DATA RECORDS ->
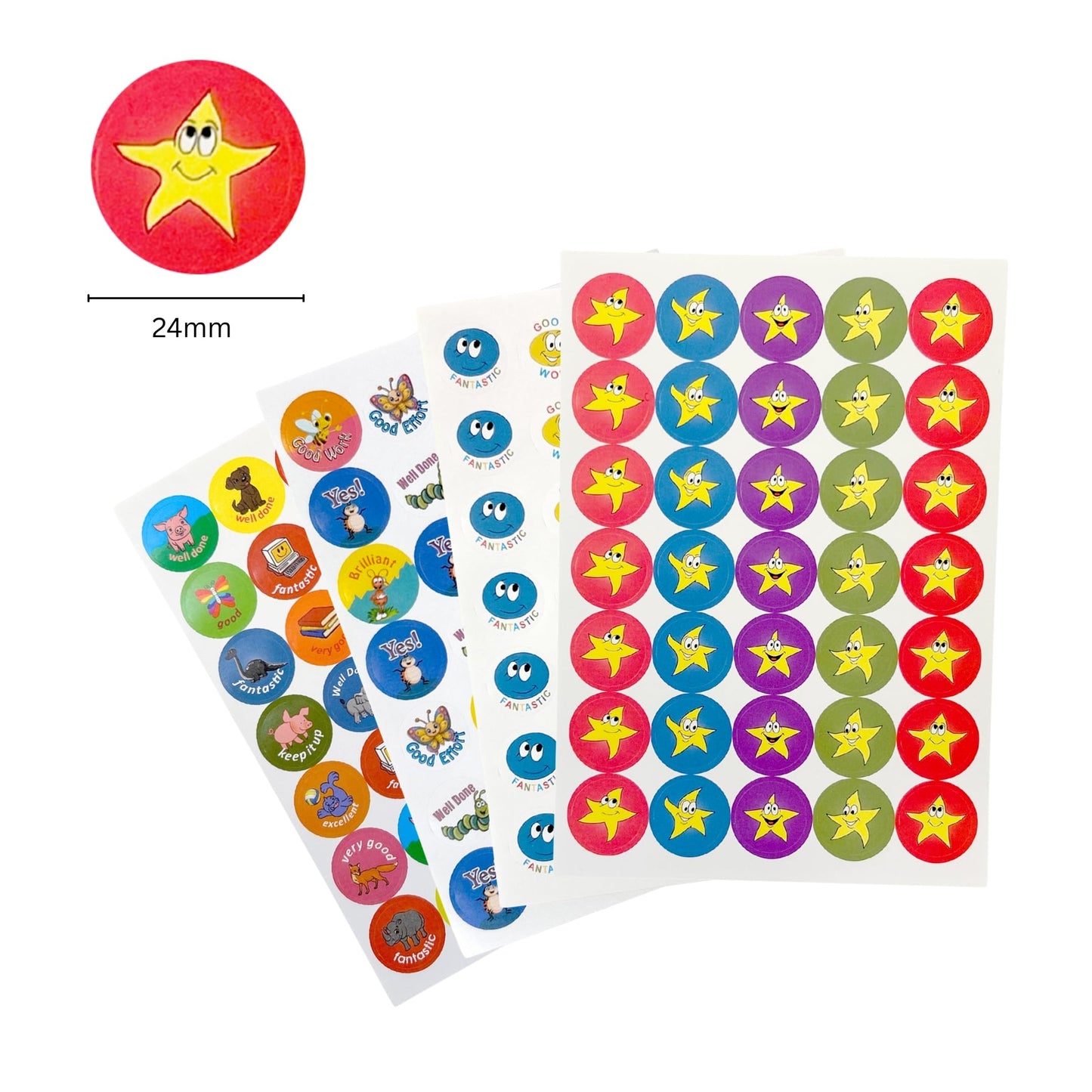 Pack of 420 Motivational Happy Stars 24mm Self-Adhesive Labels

---

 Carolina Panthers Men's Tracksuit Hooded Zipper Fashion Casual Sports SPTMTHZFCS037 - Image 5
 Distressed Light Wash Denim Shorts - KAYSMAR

...

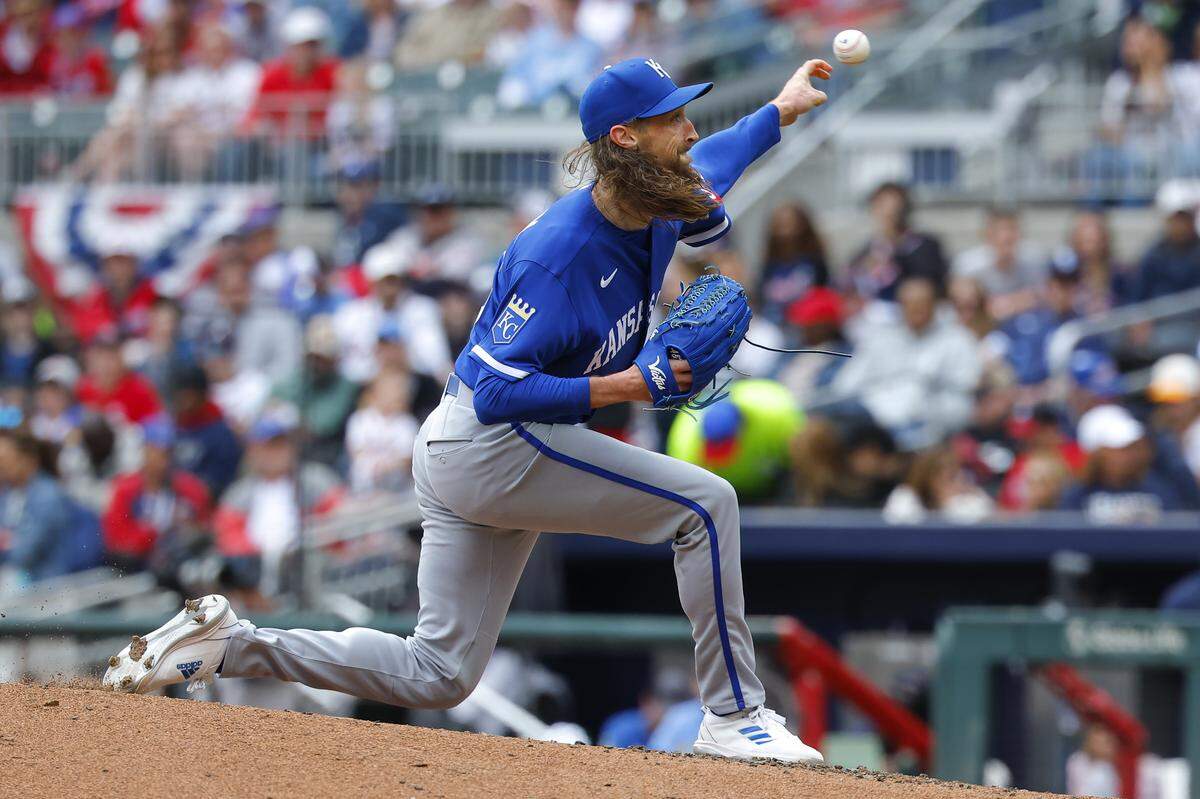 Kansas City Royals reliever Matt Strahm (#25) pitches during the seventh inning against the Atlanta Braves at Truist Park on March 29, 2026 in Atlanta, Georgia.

WHAT IS BEING ASKED -> Taking the line with "Carolina Panthers Men's" as the first and the line with "Distressed Light Wash Denim Shorts - KAYSMAR" as the last, retype that stretch of the data above exactly, with no other lines.

COMPLETED EXERCISE ->
 Carolina Panthers Men's Tracksuit Hooded Zipper Fashion Casual Sports SPTMTHZFCS037 - Image 5
 Distressed Light Wash Denim Shorts - KAYSMAR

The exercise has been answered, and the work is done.